Still so early in my journey through parenthood, something in me doesn’t want to accept that this is Father’s Day. This is really my life. In the past few weeks leading up to Father's Day, I’ve been bombarded with the stats on fatherless children. I know the odds are stacked against us. That isn’t new. They were when Thomas was here. I’ve accepted we’ll have to be world beaters in my house. I keep us in church.  We do family devotions.  Sacrifices have been made for private Christian education, even with less income to work with now.  We chose Godparents from the beginning and I know that their Godfather will be there for them and Elijah will become the man Thomas would have taught him to be under his guidance.  Still this ...

It may never sit quite right. The pictures are beautiful. They show sensitivity in the children, even my son. They show the love and devotion in my daughter and how curiosity is growing in my son. In one you can see Ariana talking to Elijah. She’s telling him about their dad. This is Father’s Day for us. We are slowly but surely playing the hand we’ve been dealt and making a life for ourselves. We’re a crazy, but loving trio who love nothing more than being together.
 


I’ve changed. I’ve lost my poker face. Bluffing doesn’t work anymore. More and more days, I'm fine.  There is no day without laughter.  There is no day without joy.  There are days I'm either just okay or I'm managing or I'm mad.  The pain on some days is overwhelming when I combine the reality of what we went through and how he was gone from them, from us so soon. But when I think of how he was suffering and how I was suffering, I know there was no alternative besides a miracle healing.  He had to go to Jesus for that.  We miss him.  The brutality of the physical and emotional pain he went through and the emotional pain and stress of managing a household underneath it all I went through had to have a time limit.  The fear and anxiety and angst my daughter dealt with is just now surfacing.  Here at over 2 years out, I’m still assessing and addressing the emotional damage.

But Rome wasn’t built in a day.
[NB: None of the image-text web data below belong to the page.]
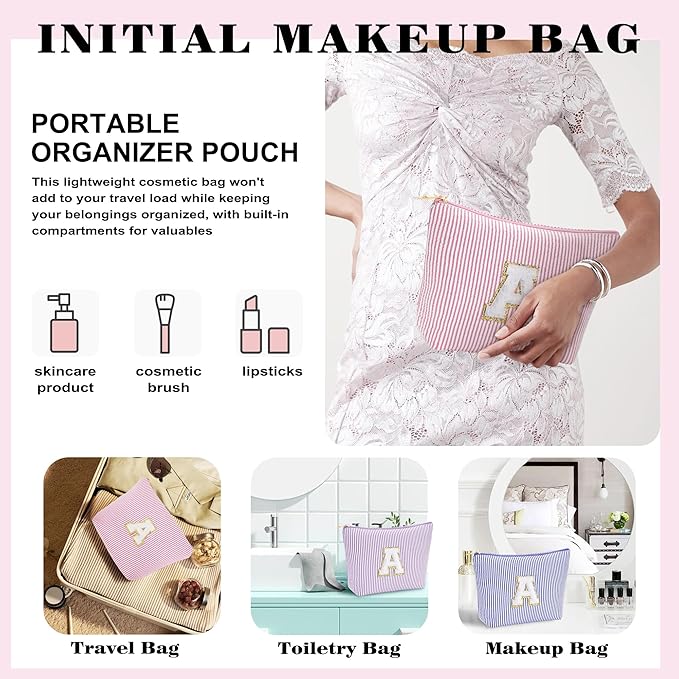 Initial Makeup Bag Set - Cute Pink Stuff for Women, Makeup Pouch Cosmetic Bag, Travel Essentials Toiletry Bag, Birthday Christmas Gifts for Women, Light Pink L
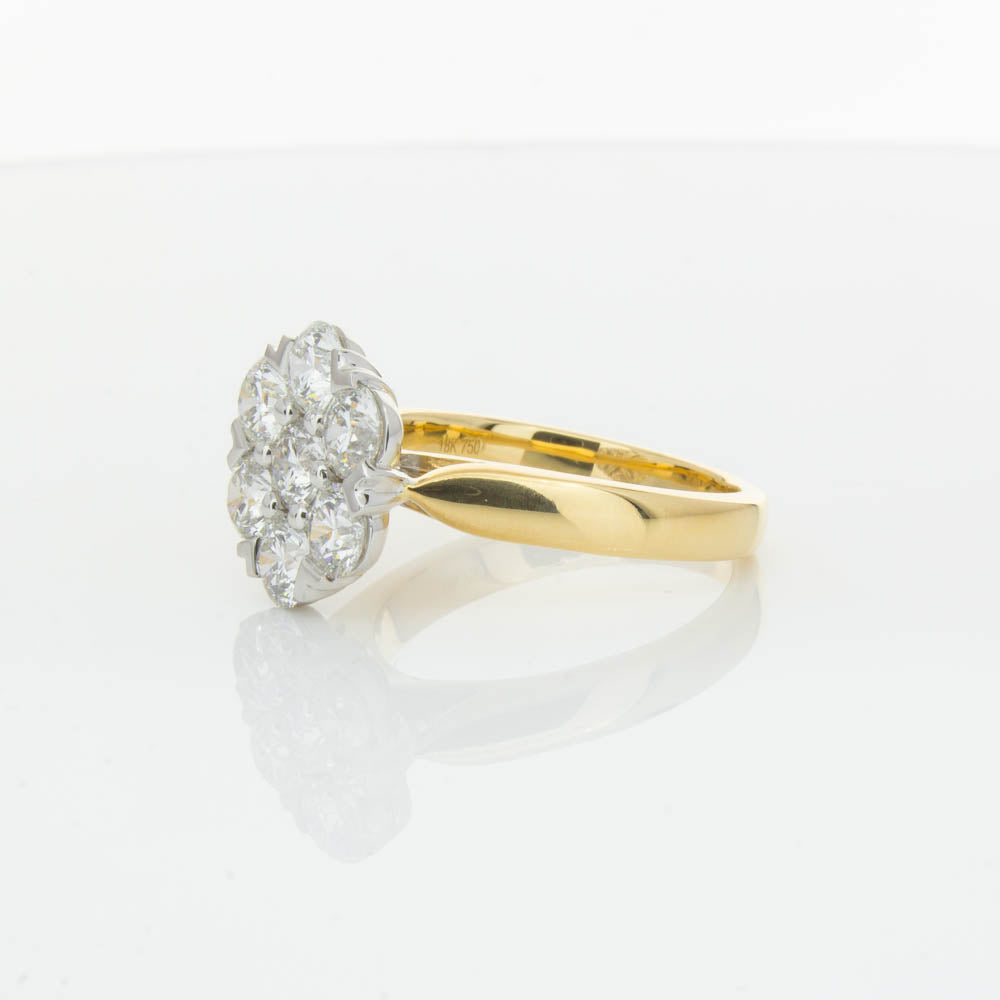 18ct Yellow Gold 2.10ct Diamond Lotus Ring-Ring-Walker & Hall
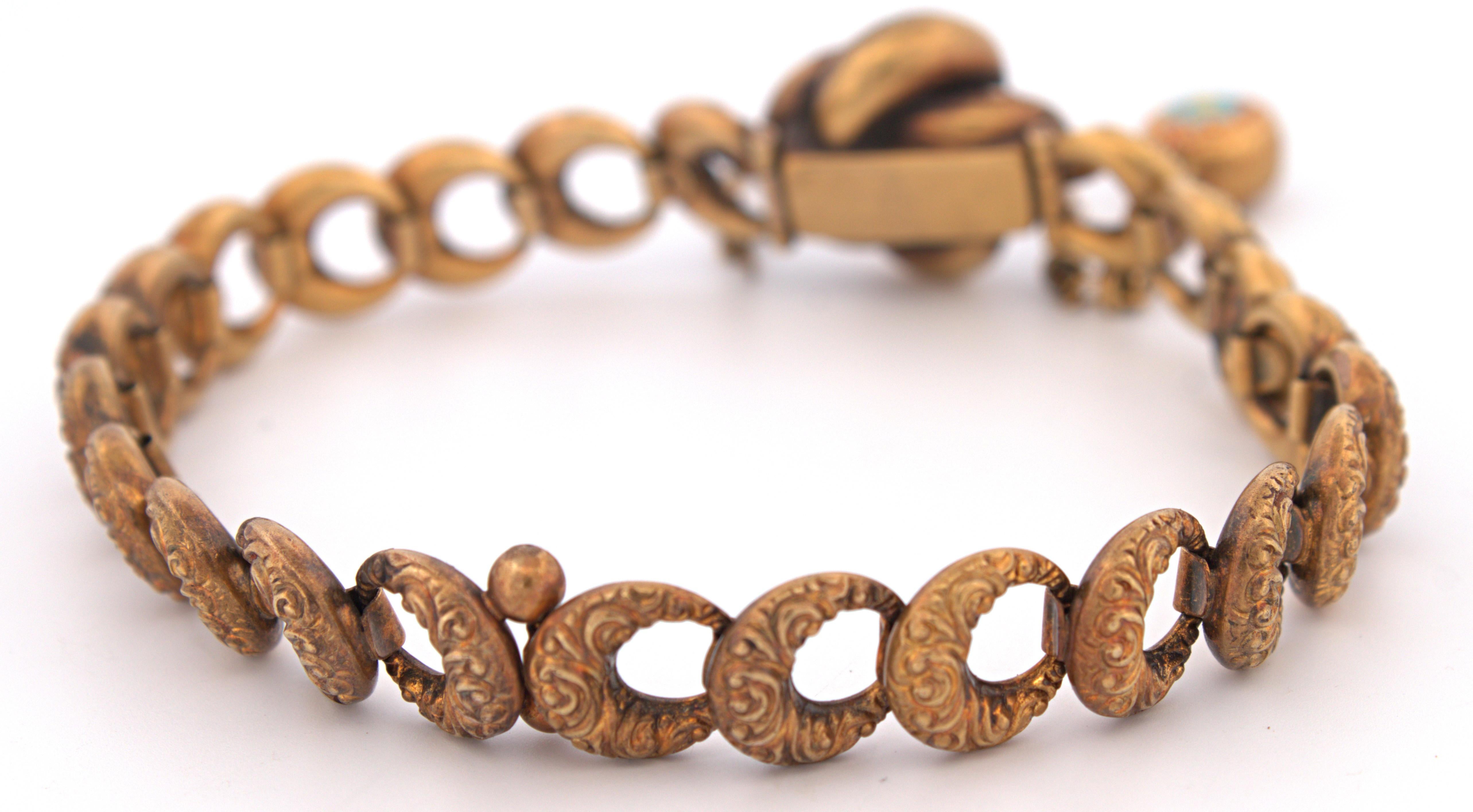 Viktorianisches Krementz-Gliederarmband aus 14 Karat Gelbgold mit Diamanten und Emaille im Zustand „Gut“ im Angebot in Pleasant Hill, CA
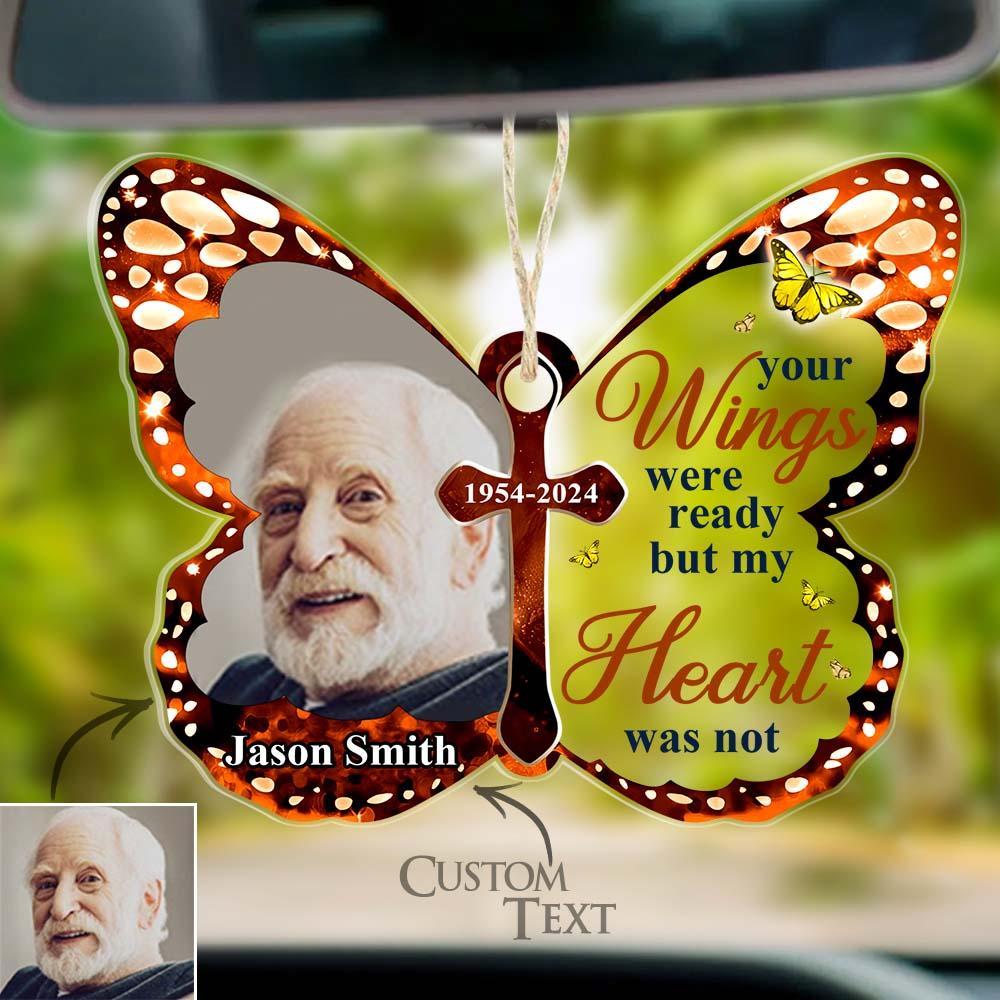 Custom Photo Car Hanging Ornament Your Wings Were Ready Memorial Acrylic Custom Shaped Sympathy Gift For Family Members - soufeelmy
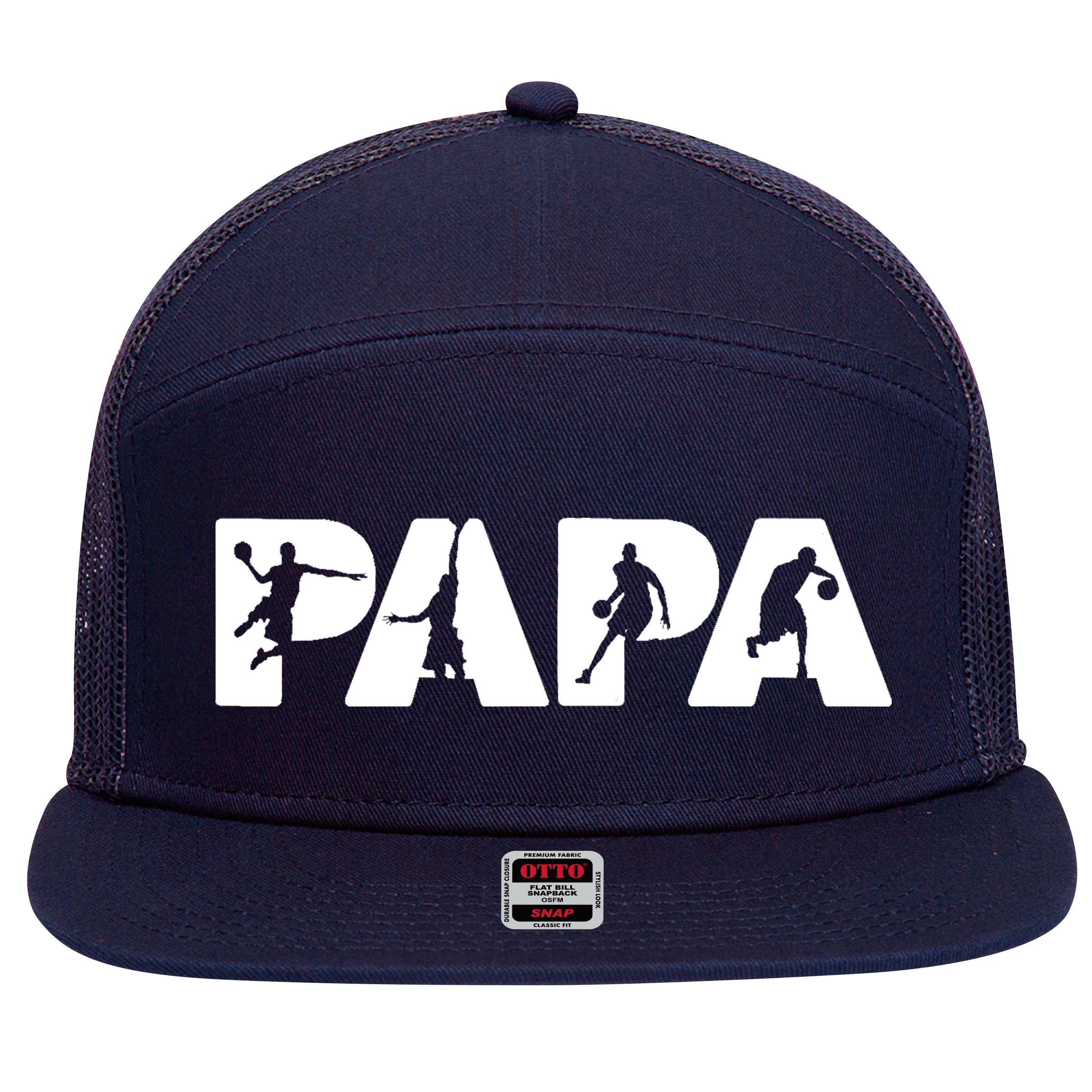 Basketball Dad T, Funny Papa Basketball Father 7 Panel Mesh Trucker Snapback Hat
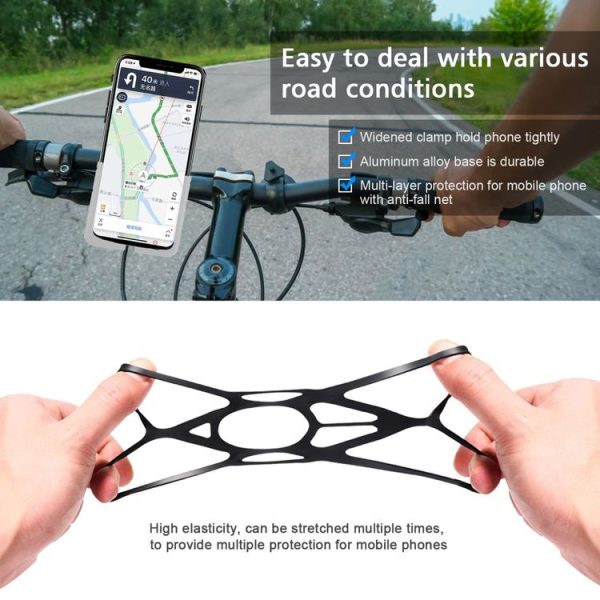 CS-1065A2 Motorcycle Aluminum Alloy Mobile Phone Holder Bracket, Handlebar Version (Silver) - Image 8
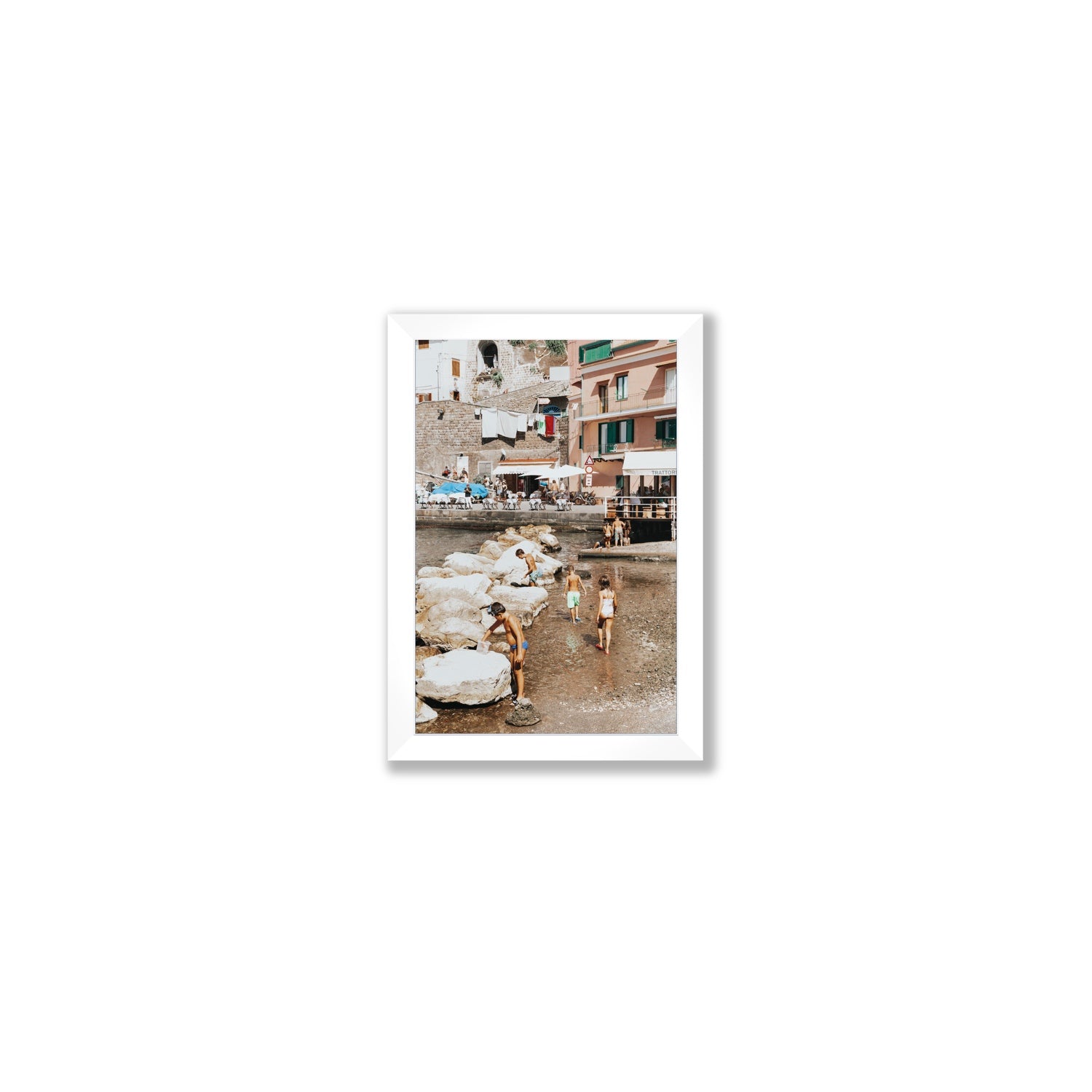 The Beachcombers Sorrento beach coastal wall art Small full-bleed fine art print in white frame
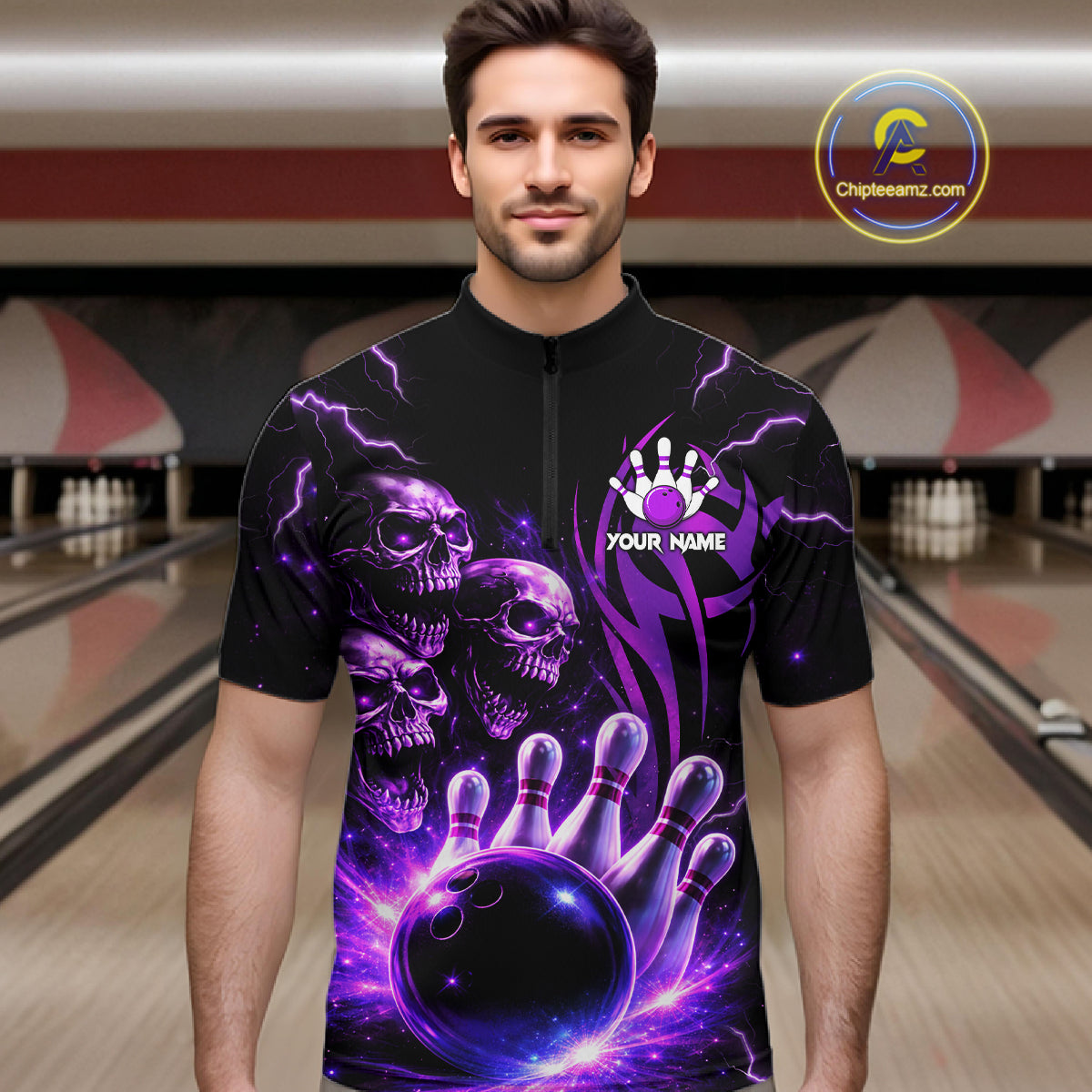 Custom Black and Purple Lightning Thunder Skull Dragon Bowling Shirts For Men, Team Bowling Jerseys NQS11641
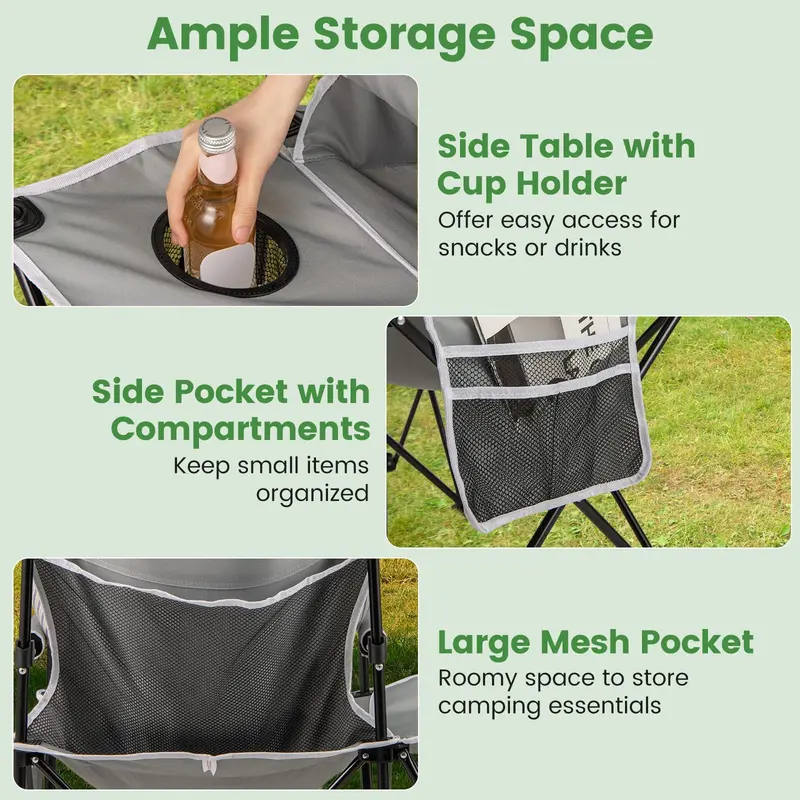 Goplus übergroßer Campingstuhl mit Seitentisch, klappbarer Heavy-Duty-Picknickstuhl mit 2 Aufbewahrungstaschen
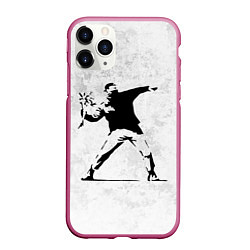 Чехол iPhone 11 Pro матовый BANKSY БУНТ RIOT БЭНКСИ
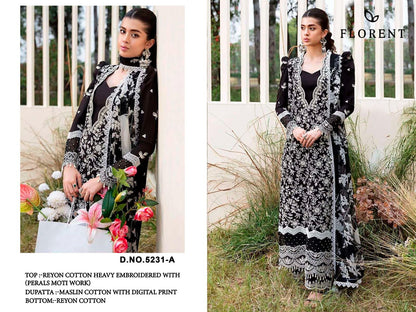 Design 5231 Florent Rayon Cotton Pakistani Salwar Suits Supplier Gujarat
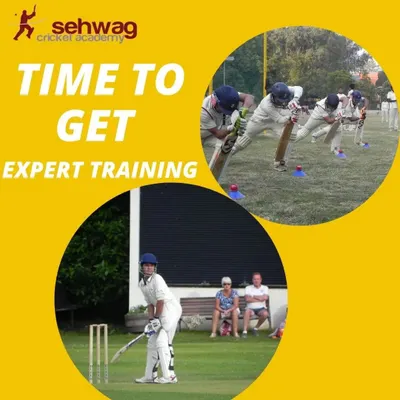 It's time to get expert training. This graphic showcases scenes from our academy and invites aspiring cricketers to join our programs at various centers across Delhi.
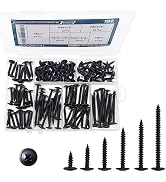 JEGONFRI #8 Modified Truss Head Black Wood Screws Assortment Kit, 132 pcs, Phillips Drive, Wood S...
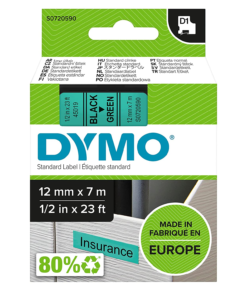 Dymo 12mm Black On Green Label Tape 45019 (S0720590)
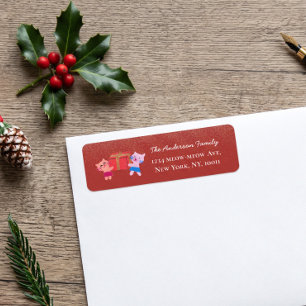 Festive Cats Snow Falling Red Xmas Return Address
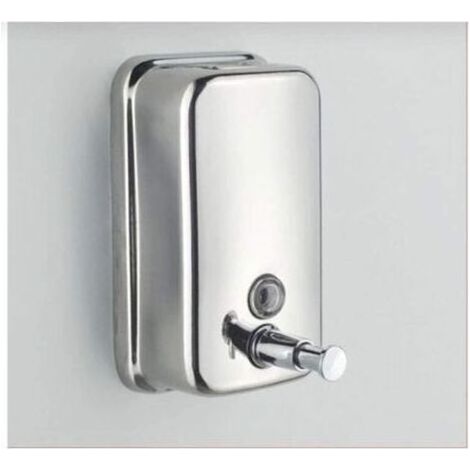 Distributeur de savon mural manuel, 500 ml, en acier inoxydable 18/10 (argenté)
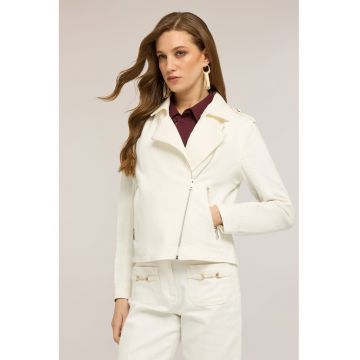 Jacheta uni cu epoleti - Alb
Heck, neither was the world. God could have blinked and had everything here in an instant.  The fact that He took six days to create everything teaches me that big things take time.  We are a work in progress.  We are learning to live with the pain. We are navigating with all the bumps in the road. We laugh at how Thomas and Elijah would likely be driving each other nuts. We lament he isn’t here to see how the children are growing. I try not to think of the long list of milestones ahead, all of the things I’ll experience with them that he never will. Their lives were really just starting and then we had to start over. Ariana wondered if he’d be proud. She’s sure he’s keeping an eye on us. I told her I know he would be. I told him he better be.